◆ **Task description**
Your answer must restate the listing below word for word and contain no images.

◆ **Data below**
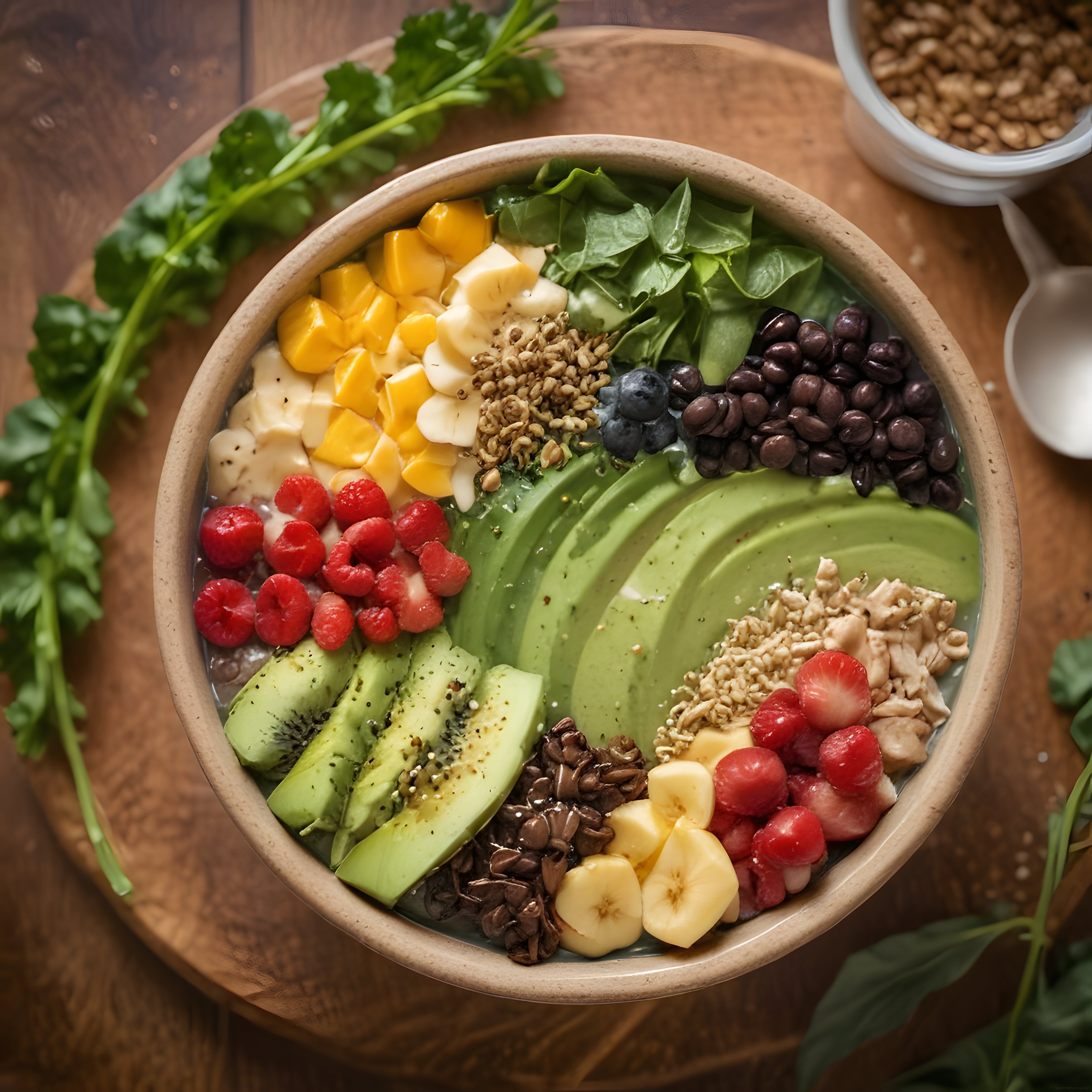 Avokado, Çilek ve Yulafla Hazırlanan Vitamin Dolu Sağlıklı Smoothie Bowl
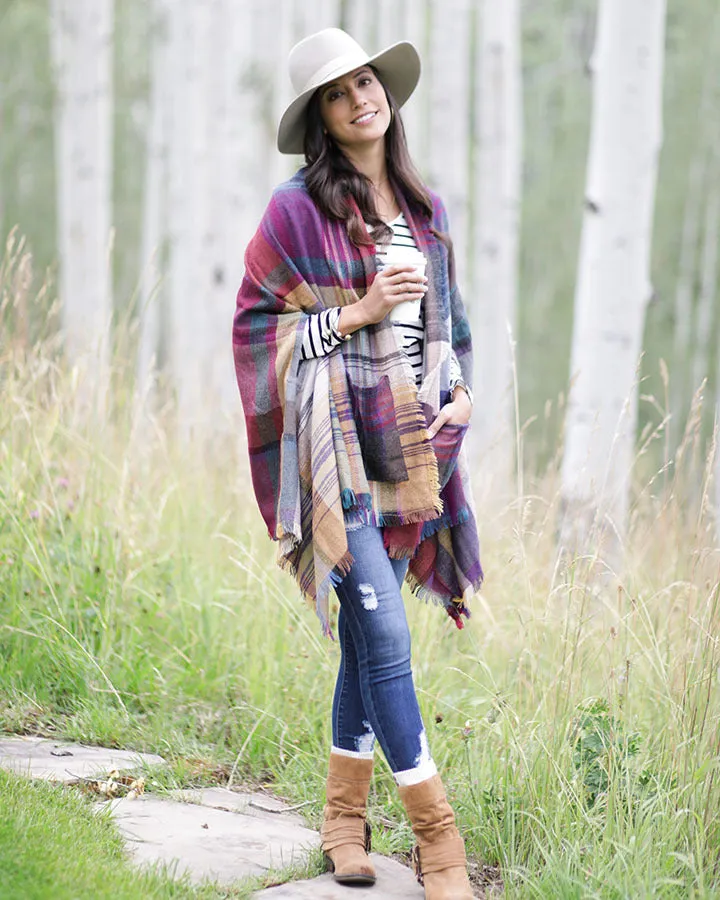 Grace & Lace Pocket Poncho/Scarf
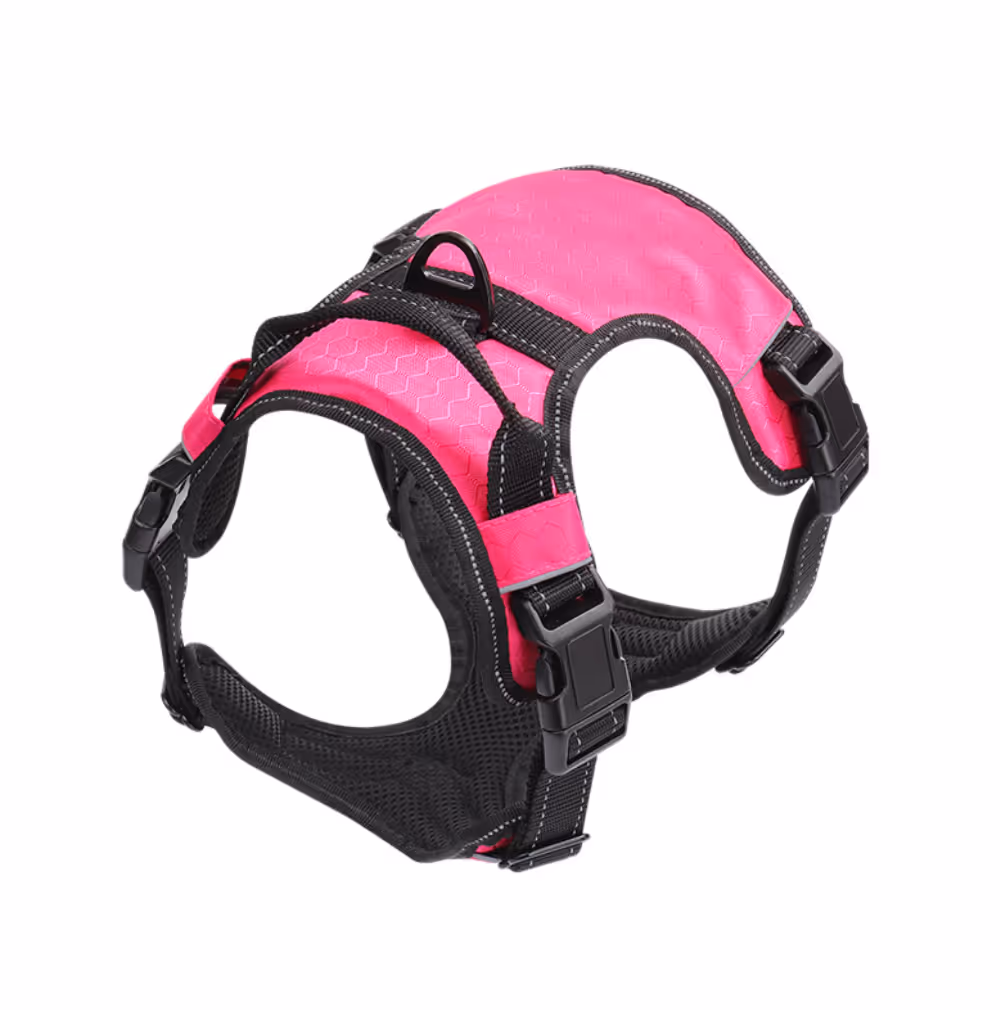 A stylish and functional vest-type harness designed for visibility, comfort, and safety during walks — especially in low-light conditions.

◆ **Problem solution**
 Avokado, Çilek ve Yulafla Hazırlanan Vitamin Dolu Sağlıklı Smoothie Bowl
 Grace & Lace Pocket Poncho/Scarf
 A stylish and functional vest-type harness designed for visibility, comfort, and safety during walks — especially in low-light conditions.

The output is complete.